* _What the task requires_
Retype every record below exactly as it is written.

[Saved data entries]
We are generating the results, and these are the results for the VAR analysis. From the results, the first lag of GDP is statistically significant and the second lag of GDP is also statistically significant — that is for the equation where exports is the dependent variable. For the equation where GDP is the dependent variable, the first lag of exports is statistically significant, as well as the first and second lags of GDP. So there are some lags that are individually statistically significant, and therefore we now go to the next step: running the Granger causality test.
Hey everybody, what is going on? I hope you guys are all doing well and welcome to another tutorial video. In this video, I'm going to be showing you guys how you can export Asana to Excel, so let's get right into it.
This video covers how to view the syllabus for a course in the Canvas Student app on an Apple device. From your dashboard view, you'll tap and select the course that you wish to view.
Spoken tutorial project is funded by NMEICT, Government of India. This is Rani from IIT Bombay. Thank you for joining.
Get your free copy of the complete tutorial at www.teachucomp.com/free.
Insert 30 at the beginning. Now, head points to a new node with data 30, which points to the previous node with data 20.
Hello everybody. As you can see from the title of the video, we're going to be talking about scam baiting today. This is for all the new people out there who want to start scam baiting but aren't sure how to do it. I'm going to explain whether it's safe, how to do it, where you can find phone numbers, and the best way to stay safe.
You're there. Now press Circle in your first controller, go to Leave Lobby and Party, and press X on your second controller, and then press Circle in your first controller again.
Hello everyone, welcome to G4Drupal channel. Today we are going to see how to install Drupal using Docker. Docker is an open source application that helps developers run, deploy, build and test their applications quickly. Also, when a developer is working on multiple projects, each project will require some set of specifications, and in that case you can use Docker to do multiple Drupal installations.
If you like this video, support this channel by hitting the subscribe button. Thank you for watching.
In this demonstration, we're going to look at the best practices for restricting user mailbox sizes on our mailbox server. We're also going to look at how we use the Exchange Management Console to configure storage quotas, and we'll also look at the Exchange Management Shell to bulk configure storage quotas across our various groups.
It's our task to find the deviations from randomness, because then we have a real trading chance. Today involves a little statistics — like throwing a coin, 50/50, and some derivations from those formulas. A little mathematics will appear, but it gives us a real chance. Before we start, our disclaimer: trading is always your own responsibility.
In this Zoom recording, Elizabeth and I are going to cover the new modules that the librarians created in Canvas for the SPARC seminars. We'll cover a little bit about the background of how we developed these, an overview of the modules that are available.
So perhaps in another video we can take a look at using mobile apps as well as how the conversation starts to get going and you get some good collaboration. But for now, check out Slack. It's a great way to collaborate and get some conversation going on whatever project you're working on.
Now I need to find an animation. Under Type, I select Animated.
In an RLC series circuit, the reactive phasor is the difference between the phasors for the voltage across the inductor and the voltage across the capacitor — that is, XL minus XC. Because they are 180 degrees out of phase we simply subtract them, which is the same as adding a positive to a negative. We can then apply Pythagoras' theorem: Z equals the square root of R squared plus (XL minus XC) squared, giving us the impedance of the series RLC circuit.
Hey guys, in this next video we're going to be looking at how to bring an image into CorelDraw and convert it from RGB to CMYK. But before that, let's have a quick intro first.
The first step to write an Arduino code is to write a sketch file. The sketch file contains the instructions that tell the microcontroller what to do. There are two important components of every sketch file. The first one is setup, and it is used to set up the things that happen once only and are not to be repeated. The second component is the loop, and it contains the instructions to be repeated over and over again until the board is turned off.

* _Output of the task_
We are generating the results, and these are the results for the VAR analysis. From the results, the first lag of GDP is statistically significant and the second lag of GDP is also statistically significant — that is for the equation where exports is the dependent variable. For the equation where GDP is the dependent variable, the first lag of exports is statistically significant, as well as the first and second lags of GDP. So there are some lags that are individually statistically significant, and therefore we now go to the next step: running the Granger causality test.
Hey everybody, what is going on? I hope you guys are all doing well and welcome to another tutorial video. In this video, I'm going to be showing you guys how you can export Asana to Excel, so let's get right into it.
This video covers how to view the syllabus for a course in the Canvas Student app on an Apple device. From your dashboard view, you'll tap and select the course that you wish to view.
Spoken tutorial project is funded by NMEICT, Government of India. This is Rani from IIT Bombay. Thank you for joining.
Get your free copy of the complete tutorial at www.teachucomp.com/free.
Insert 30 at the beginning. Now, head points to a new node with data 30, which points to the previous node with data 20.
Hello everybody. As you can see from the title of the video, we're going to be talking about scam baiting today. This is for all the new people out there who want to start scam baiting but aren't sure how to do it. I'm going to explain whether it's safe, how to do it, where you can find phone numbers, and the best way to stay safe.
You're there. Now press Circle in your first controller, go to Leave Lobby and Party, and press X on your second controller, and then press Circle in your first controller again.
Hello everyone, welcome to G4Drupal channel. Today we are going to see how to install Drupal using Docker. Docker is an open source application that helps developers run, deploy, build and test their applications quickly. Also, when a developer is working on multiple projects, each project will require some set of specifications, and in that case you can use Docker to do multiple Drupal installations.
If you like this video, support this channel by hitting the subscribe button. Thank you for watching.
In this demonstration, we're going to look at the best practices for restricting user mailbox sizes on our mailbox server. We're also going to look at how we use the Exchange Management Console to configure storage quotas, and we'll also look at the Exchange Management Shell to bulk configure storage quotas across our various groups.
It's our task to find the deviations from randomness, because then we have a real trading chance. Today involves a little statistics — like throwing a coin, 50/50, and some derivations from those formulas. A little mathematics will appear, but it gives us a real chance. Before we start, our disclaimer: trading is always your own responsibility.
In this Zoom recording, Elizabeth and I are going to cover the new modules that the librarians created in Canvas for the SPARC seminars. We'll cover a little bit about the background of how we developed these, an overview of the modules that are available.
So perhaps in another video we can take a look at using mobile apps as well as how the conversation starts to get going and you get some good collaboration. But for now, check out Slack. It's a great way to collaborate and get some conversation going on whatever project you're working on.
Now I need to find an animation. Under Type, I select Animated.
In an RLC series circuit, the reactive phasor is the difference between the phasors for the voltage across the inductor and the voltage across the capacitor — that is, XL minus XC. Because they are 180 degrees out of phase we simply subtract them, which is the same as adding a positive to a negative. We can then apply Pythagoras' theorem: Z equals the square root of R squared plus (XL minus XC) squared, giving us the impedance of the series RLC circuit.
Hey guys, in this next video we're going to be looking at how to bring an image into CorelDraw and convert it from RGB to CMYK. But before that, let's have a quick intro first.
The first step to write an Arduino code is to write a sketch file. The sketch file contains the instructions that tell the microcontroller what to do. There are two important components of every sketch file. The first one is setup, and it is used to set up the things that happen once only and are not to be repeated. The second component is the loop, and it contains the instructions to be repeated over and over again until the board is turned off.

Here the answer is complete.